# Functions for Least Squares

These are functions to determine the parameters ($\hat{x}$) for the matrix equation $y^{model} = A\hat{x}$.

In [1]:
import matplotlib.pyplot as plt
import numpy as np
import pandas as pd
%matplotlib notebook 

## Forming matrix for data and y vector

The data is being formed into data matrices which hold the data.
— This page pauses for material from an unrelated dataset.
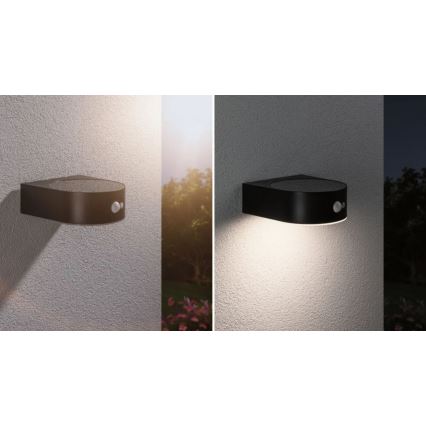 Paulmann 94570 - LED/5,5W IP44 Seinävalaisin anturilla EILEEN 3,7V 2000 mAh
Each matrix corresponds to a type of model: linear, quadratic, cubic, or power law (below).

$$A_{linear} = \begin{bmatrix}
1 & x_{1} \\
1 & x_{2} \\
\vdots & \vdots \\
\end{bmatrix}, \quad
A_{quadratic} = \begin{bmatrix}
1 & x_{1} & x_{1}^{2}\\
1 & x_{2} & x_{2}^{2} \\
\vdots & \vdots & \vdots\\
\end{bmatrix},\quad
A_{cubic} = \begin{bmatrix}
1 & x_{1} & x_{1}^{2} & x_{1}^{3}\\
1 & x_{2} & x_{2}^{2} & x_{2}^{3} \\
\vdots & \vdots & \vdots\\
\end{bmatrix}
$$

While the y vector is just the y points:
$\bar{y} = \begin{bmatrix}
y_{1} \\
y_{2} \\
\vdots \\
\end{bmatrix}
$

In [2]:
def lin_matrix(self):
    one_arr = np.ones([self.data.size,1]) #array of ones concatenated to matrices
    lin = np.hstack([one_arr, self.data]) #appending array of ones to array of data matrix
    return lin

def quad_matrix(self):
    lin = self.lin_matrix()
    quad = np.hstack([lin,self.data**2]) #appending lin to array of data squared 
    return quad

def cub_matrix(self):
    quad = self.quad_matrix()
    cub = np.hstack([quad,self.data**3]) ##appending quad to array of data cubed
    return cub

## Power Law

This is an attempt to fit a power law in the form of $y = \beta x^\alpha$. To fit the power law, it must be linearized since, according to Adrian's notes, the "linear part of the term 'linear fit' just means linear in the parameters". One way to do that is by applying log to both sides to make:

$log(y) = log (\beta x^\alpha) = log(\beta) + log(x^\alpha) = log(\beta) + \alpha log(x)$

Therefore, the linearization of $y = \beta x^\alpha$ is $log(y) = log(\beta) + \alpha log(x)$. Let $y^{'}=log(y)$ and $x^{'}=log(x)$ so that $y^{'} = log(\beta) + \alpha x^{'}$.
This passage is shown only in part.